Dataset entries:
+++
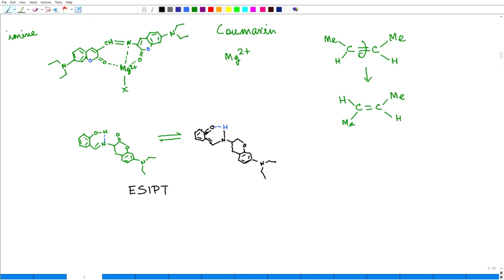Because of this ESIPT mechanism, hydrogen got transferred. ESIPT stands for Excited State Intramolecular Proton Transfer. That means at the excited state, this proton transfer takes place intramolecularly, and therefore when I excite, there is no fluorescence. Now, I add zinc ion. If I add zinc ion to this, then what happens?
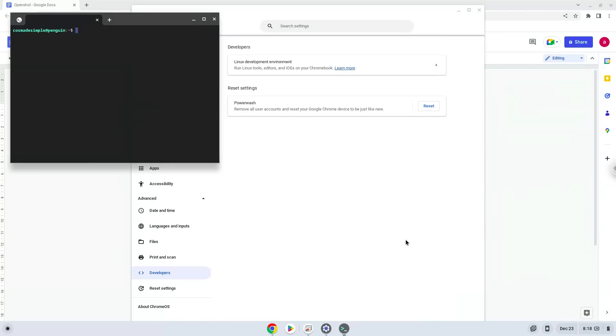Now that we have enabled Linux apps on our system, we will continue to the next step, which is to run several commands in a terminal, which will install the application. All the commands are in the video description.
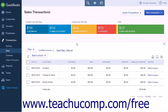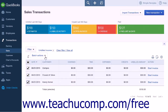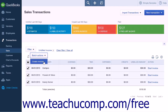From this page, select the unbilled activities for which you want to create invoices from the list displayed. After you have chosen the unbilled activities, click the Batch Actions button, then select the Create Invoices command to automatically create invoices for the unbilled activities you selected.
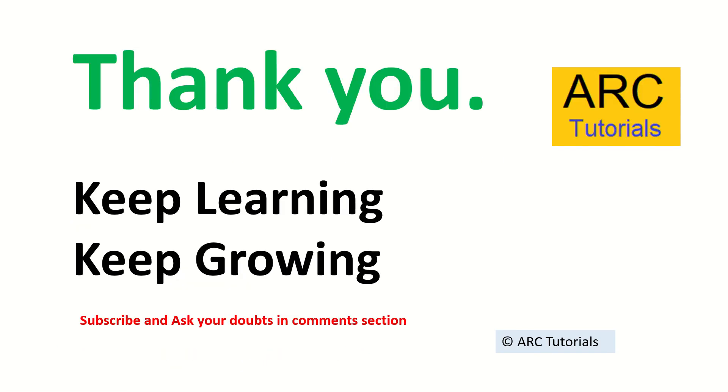I hope this was interesting for you to learn. Stay tuned. I'll keep bringing you much more interesting questions for you to prepare for your interviews. Thank you so much. Keep learning. Keep growing.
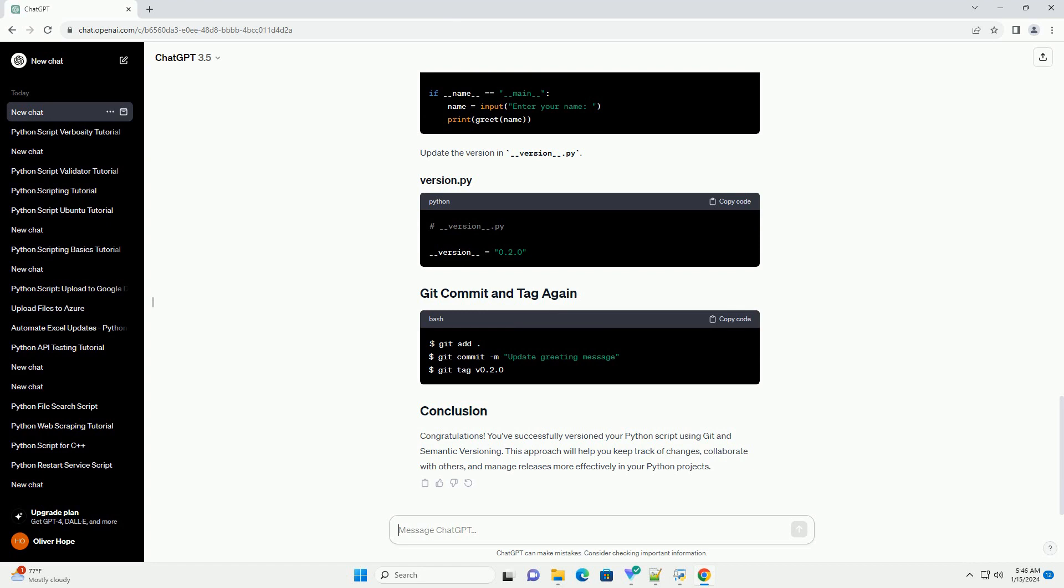Congratulations! You've successfully versioned your Python script using git and semantic versioning. This approach will help you keep track of changes, collaborate with others, and manage releases more effectively.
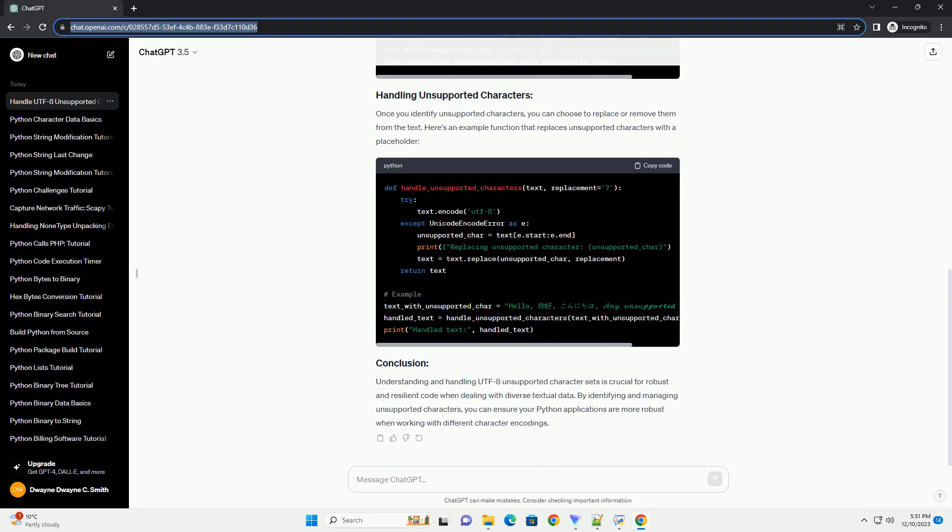UTF-8 is a variable-width character encoding capable of encoding all possible characters, or code points, in Unicode. However, there might be scenarios where you encounter character sets that are not supported in UTF-8. This could happen if you are working with legacy systems or proprietary encodings.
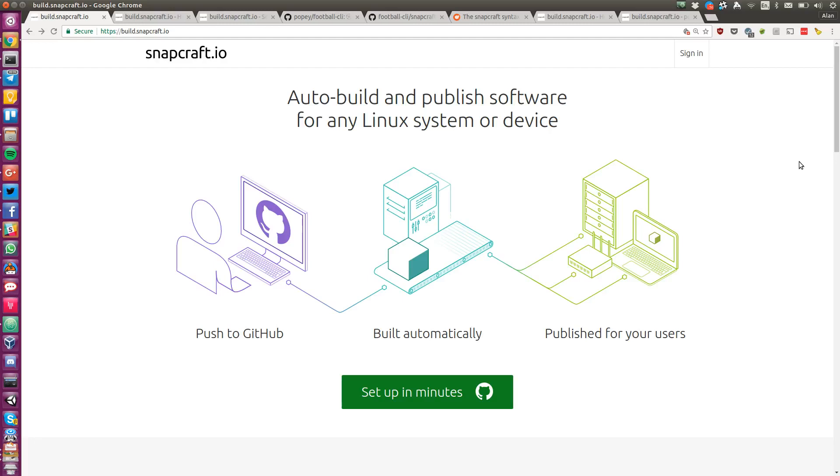Snapcraft has a new free service which makes it easy to publish software for Linux. Snapcraft takes software from your public repo on GitHub, builds it for all supported architectures, then publishes it in the store.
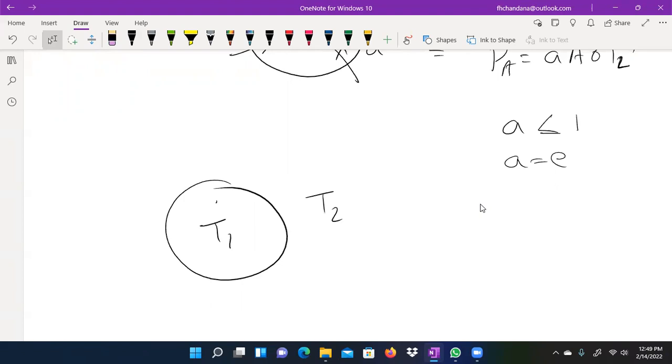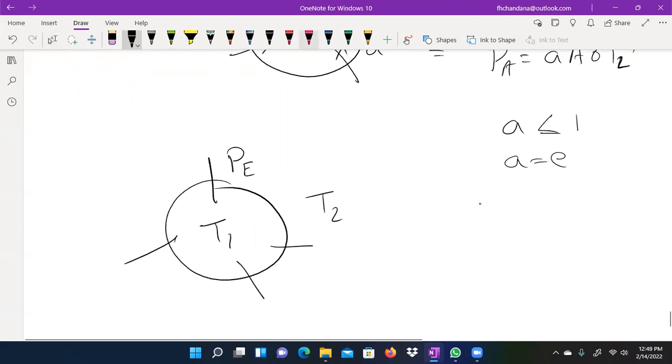Therefore, we can use the E function. For T2, we can use the E function as well. While for T2, it is also a P function, like the PE function.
+++
Your task is to return the lines above, from the first one up to and including the line containing "From this page, select", minus any pictures.

Result below:
Because of this ESIPT mechanism, hydrogen got transferred. ESIPT stands for Excited State Intramolecular Proton Transfer. That means at the excited state, this proton transfer takes place intramolecularly, and therefore when I excite, there is no fluorescence. Now, I add zinc ion. If I add zinc ion to this, then what happens?
Now that we have enabled Linux apps on our system, we will continue to the next step, which is to run several commands in a terminal, which will install the application. All the commands are in the video description.
From this page, select the unbilled activities for which you want to create invoices from the list displayed. After you have chosen the unbilled activities, click the Batch Actions button, then select the Create Invoices command to automatically create invoices for the unbilled activities you selected.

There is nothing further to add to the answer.